Exactly the line with "Ingresso del centro aziendale Agrocalabria" and the lines that follow it, through the closing line of the entries, should be restated, with nothing left out or added.

[Collection entries]
= = =

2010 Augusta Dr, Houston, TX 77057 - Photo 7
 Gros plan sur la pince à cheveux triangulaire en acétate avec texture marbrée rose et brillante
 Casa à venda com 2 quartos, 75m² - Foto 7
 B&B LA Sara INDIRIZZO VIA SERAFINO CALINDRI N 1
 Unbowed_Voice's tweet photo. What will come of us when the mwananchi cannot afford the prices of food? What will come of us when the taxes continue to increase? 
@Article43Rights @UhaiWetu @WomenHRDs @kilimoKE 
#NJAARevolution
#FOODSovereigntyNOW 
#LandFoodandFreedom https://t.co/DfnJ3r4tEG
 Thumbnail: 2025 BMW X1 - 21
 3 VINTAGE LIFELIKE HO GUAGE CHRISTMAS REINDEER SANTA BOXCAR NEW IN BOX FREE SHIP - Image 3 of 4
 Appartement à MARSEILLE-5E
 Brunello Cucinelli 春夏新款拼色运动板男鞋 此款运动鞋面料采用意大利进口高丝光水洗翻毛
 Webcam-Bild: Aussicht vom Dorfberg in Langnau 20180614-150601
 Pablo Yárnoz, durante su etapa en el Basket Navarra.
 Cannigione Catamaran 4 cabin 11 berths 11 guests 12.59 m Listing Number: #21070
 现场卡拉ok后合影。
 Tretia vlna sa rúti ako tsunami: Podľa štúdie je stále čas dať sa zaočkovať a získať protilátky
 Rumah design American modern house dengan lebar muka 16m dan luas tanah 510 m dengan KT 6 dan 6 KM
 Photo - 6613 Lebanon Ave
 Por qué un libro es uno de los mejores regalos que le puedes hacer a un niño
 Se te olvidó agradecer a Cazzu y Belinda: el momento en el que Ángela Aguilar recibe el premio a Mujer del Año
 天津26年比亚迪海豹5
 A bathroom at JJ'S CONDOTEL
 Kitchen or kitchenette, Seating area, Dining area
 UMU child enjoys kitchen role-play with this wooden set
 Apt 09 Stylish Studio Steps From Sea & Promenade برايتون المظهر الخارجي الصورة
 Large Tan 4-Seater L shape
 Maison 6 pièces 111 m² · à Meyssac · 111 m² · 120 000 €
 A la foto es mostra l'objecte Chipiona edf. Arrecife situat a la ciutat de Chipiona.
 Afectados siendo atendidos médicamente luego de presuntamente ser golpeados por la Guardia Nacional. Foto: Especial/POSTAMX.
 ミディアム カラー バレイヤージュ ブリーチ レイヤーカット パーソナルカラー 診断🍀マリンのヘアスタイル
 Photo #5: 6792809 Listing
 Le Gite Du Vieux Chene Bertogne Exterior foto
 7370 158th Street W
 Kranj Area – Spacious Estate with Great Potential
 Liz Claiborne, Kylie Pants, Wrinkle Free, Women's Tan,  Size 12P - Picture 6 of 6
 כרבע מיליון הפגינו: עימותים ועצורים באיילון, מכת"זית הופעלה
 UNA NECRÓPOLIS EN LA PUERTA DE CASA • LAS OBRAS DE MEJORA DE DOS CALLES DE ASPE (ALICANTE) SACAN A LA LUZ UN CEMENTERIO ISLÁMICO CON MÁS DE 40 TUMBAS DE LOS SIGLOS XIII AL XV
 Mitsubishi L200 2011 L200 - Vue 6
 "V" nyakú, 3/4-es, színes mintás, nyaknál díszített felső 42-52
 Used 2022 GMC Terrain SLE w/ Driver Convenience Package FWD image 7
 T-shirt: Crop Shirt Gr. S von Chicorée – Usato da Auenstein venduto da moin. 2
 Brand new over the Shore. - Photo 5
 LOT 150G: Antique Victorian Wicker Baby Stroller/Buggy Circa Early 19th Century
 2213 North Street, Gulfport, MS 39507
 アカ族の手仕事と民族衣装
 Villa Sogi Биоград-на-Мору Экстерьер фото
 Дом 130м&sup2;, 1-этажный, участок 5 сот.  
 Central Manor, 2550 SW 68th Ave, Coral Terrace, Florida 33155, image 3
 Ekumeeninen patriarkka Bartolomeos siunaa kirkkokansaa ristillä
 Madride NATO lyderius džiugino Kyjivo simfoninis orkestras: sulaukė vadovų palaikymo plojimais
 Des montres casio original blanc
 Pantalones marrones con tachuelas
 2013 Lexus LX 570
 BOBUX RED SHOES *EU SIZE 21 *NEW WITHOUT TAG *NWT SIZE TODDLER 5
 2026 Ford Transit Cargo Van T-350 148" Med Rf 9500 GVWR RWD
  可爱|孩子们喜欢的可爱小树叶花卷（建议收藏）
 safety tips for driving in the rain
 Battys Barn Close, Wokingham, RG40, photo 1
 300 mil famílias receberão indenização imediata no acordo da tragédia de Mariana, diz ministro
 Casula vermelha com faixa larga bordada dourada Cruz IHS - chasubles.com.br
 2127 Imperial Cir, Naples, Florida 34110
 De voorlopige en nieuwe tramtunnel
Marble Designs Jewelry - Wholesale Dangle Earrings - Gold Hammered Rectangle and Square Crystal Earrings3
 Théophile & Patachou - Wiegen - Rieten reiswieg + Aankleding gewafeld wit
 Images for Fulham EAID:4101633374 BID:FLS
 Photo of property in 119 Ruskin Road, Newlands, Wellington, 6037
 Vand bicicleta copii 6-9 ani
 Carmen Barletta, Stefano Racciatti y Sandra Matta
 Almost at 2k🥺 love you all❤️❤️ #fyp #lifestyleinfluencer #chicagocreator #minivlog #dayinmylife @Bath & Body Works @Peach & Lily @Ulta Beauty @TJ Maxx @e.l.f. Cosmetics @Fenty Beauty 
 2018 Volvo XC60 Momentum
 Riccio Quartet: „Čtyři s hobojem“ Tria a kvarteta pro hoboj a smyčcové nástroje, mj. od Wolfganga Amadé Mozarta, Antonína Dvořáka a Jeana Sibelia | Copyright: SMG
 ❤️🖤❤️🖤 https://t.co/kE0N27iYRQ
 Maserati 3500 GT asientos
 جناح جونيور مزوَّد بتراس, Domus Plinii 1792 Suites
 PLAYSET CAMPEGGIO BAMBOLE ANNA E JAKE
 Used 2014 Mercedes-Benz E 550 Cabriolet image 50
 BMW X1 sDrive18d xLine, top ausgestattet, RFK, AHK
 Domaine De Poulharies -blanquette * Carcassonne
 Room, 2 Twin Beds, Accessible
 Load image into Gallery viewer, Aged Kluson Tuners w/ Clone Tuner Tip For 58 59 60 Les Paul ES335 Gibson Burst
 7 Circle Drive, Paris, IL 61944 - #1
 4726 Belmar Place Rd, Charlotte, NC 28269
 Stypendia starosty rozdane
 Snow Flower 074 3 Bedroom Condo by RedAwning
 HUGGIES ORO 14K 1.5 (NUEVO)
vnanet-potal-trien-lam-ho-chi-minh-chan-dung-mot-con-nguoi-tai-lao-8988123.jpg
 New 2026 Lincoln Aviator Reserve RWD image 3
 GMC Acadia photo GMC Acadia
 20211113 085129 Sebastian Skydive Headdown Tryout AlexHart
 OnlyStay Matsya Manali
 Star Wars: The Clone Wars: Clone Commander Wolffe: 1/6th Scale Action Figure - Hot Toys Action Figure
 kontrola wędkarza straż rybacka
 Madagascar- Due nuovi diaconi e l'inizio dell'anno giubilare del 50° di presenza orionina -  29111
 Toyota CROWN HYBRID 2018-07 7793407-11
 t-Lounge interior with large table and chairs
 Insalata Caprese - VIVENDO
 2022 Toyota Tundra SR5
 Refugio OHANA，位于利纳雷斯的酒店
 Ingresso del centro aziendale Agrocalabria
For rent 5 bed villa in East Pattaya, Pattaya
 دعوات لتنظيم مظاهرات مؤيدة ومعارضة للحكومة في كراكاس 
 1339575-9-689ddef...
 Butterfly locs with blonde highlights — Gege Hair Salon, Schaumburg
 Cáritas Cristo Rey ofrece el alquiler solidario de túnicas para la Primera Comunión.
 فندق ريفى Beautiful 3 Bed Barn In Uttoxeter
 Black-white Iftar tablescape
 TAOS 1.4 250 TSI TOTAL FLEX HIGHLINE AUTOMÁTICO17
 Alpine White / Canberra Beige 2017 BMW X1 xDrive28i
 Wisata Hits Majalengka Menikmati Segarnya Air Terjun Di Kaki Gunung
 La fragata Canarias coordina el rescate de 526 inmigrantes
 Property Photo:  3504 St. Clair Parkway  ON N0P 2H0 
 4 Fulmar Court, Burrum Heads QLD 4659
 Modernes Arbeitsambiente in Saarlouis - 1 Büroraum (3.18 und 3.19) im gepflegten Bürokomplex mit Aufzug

= = =

> _Result of this exercise_
 Ingresso del centro aziendale Agrocalabria
For rent 5 bed villa in East Pattaya, Pattaya
 دعوات لتنظيم مظاهرات مؤيدة ومعارضة للحكومة في كراكاس 
 1339575-9-689ddef...
 Butterfly locs with blonde highlights — Gege Hair Salon, Schaumburg
 Cáritas Cristo Rey ofrece el alquiler solidario de túnicas para la Primera Comunión.
 فندق ريفى Beautiful 3 Bed Barn In Uttoxeter
 Black-white Iftar tablescape
 TAOS 1.4 250 TSI TOTAL FLEX HIGHLINE AUTOMÁTICO17
 Alpine White / Canberra Beige 2017 BMW X1 xDrive28i
 Wisata Hits Majalengka Menikmati Segarnya Air Terjun Di Kaki Gunung
 La fragata Canarias coordina el rescate de 526 inmigrantes
 Property Photo:  3504 St. Clair Parkway  ON N0P 2H0 
 4 Fulmar Court, Burrum Heads QLD 4659
 Modernes Arbeitsambiente in Saarlouis - 1 Büroraum (3.18 und 3.19) im gepflegten Bürokomplex mit Aufzug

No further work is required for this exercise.